PROMPT: The answer is all of the data, repeated exactly.

+++ DATA UNDER STUDY +++

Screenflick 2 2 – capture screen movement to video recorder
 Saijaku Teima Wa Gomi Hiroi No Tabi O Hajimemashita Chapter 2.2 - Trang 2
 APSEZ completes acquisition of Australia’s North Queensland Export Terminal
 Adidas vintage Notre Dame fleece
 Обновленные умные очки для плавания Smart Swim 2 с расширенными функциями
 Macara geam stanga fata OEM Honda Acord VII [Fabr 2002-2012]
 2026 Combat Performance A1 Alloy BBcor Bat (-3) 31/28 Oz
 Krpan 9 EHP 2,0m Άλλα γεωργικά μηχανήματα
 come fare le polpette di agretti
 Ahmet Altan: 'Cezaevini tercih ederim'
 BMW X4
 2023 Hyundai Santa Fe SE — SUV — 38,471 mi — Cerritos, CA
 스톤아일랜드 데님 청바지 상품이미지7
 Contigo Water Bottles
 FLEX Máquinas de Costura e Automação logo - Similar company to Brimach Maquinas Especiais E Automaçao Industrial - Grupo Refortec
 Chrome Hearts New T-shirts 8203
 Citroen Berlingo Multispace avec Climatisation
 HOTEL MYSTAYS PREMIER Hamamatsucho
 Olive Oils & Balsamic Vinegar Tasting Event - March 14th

+++

COMPLETED TASK:
Screenflick 2 2 – capture screen movement to video recorder
 Saijaku Teima Wa Gomi Hiroi No Tabi O Hajimemashita Chapter 2.2 - Trang 2
 APSEZ completes acquisition of Australia’s North Queensland Export Terminal
 Adidas vintage Notre Dame fleece
 Обновленные умные очки для плавания Smart Swim 2 с расширенными функциями
 Macara geam stanga fata OEM Honda Acord VII [Fabr 2002-2012]
 2026 Combat Performance A1 Alloy BBcor Bat (-3) 31/28 Oz
 Krpan 9 EHP 2,0m Άλλα γεωργικά μηχανήματα
 come fare le polpette di agretti
 Ahmet Altan: 'Cezaevini tercih ederim'
 BMW X4
 2023 Hyundai Santa Fe SE — SUV — 38,471 mi — Cerritos, CA
 스톤아일랜드 데님 청바지 상품이미지7
 Contigo Water Bottles
 FLEX Máquinas de Costura e Automação logo - Similar company to Brimach Maquinas Especiais E Automaçao Industrial - Grupo Refortec
 Chrome Hearts New T-shirts 8203
 Citroen Berlingo Multispace avec Climatisation
 HOTEL MYSTAYS PREMIER Hamamatsucho
 Olive Oils & Balsamic Vinegar Tasting Event - March 14th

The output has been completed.